Wednesday, September 12, 2007

Miss Y2K?

Step back in time to Ethiopia:

Amid clouds of incense and swathed in white robes, priests of Ethiopia's ancient Christian Orthodox Church yesterday chanted their last Mass ahead of today's new millennium.

The country's unique calendar runs almost eight years behind the West's Gregorian version, meaning that millions of people marked New Year's Eve 1999 last night.

Pilgrims gathered in the medieval capital, Lalibela, where 800-year-old monolithic churches are carved below ground out of the solid rock of a 8,500ft-high basalt plateau.
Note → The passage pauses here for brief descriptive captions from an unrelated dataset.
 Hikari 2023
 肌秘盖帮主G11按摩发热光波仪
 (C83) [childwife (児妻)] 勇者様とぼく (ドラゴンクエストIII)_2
"We thank God that we are alive at this important time, when we can honour our ancestors and our Church and pray for another 1,000 years of worship," Aba Gebera Yesus, Archbishop of Lalibela, said.
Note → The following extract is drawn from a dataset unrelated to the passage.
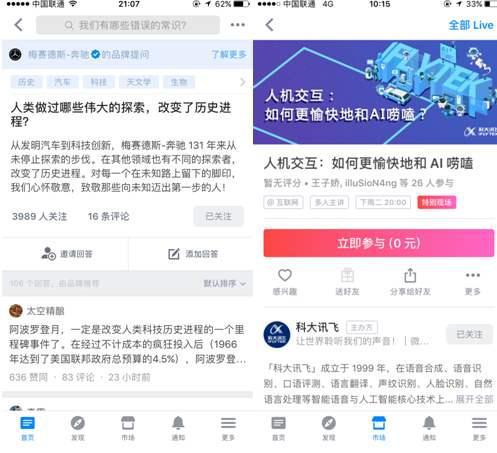 先锋广告联盟，重塑数字营销生态，引领未来广告趋势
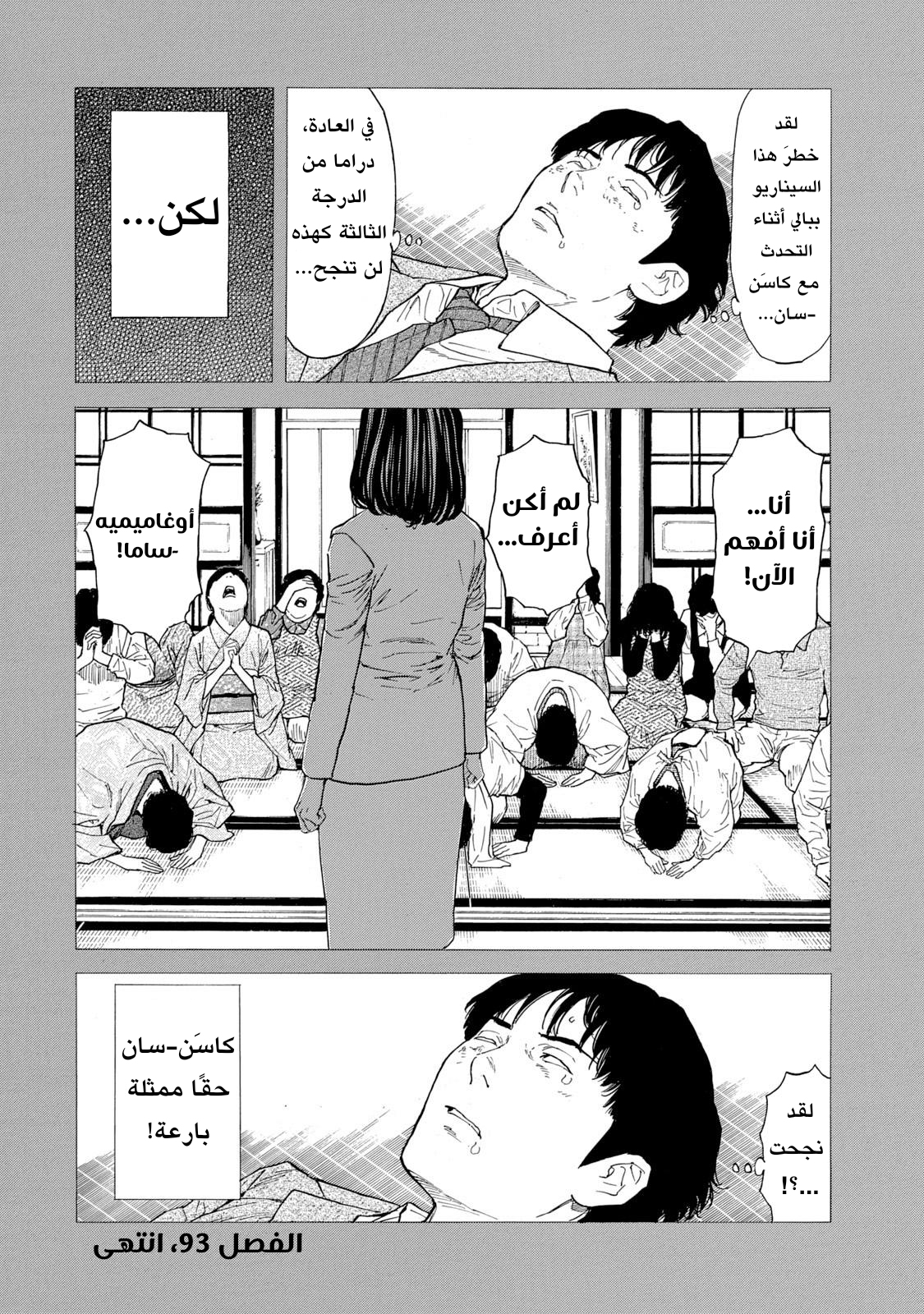 Read My Home Hero AR Manga Online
....Ethiopia's tourism office proudly peppers hotels, restaurants and airport lounges with a colourful poster boasting the country's "13 months of sunshine".

Its unique Ge'ez calendar, based on the ancient Egyptian system, is seven years, nine months and 11 days behind the one adopted by Pope Gregory in 1582.

It also has 13 months per year - 12 of 30 days and a final month of five or six days depending on whether it is a leap year.

Locals joke that the word millennium in Amharic, the country's unique language, is "menem yellum", which translates as "there is nothing".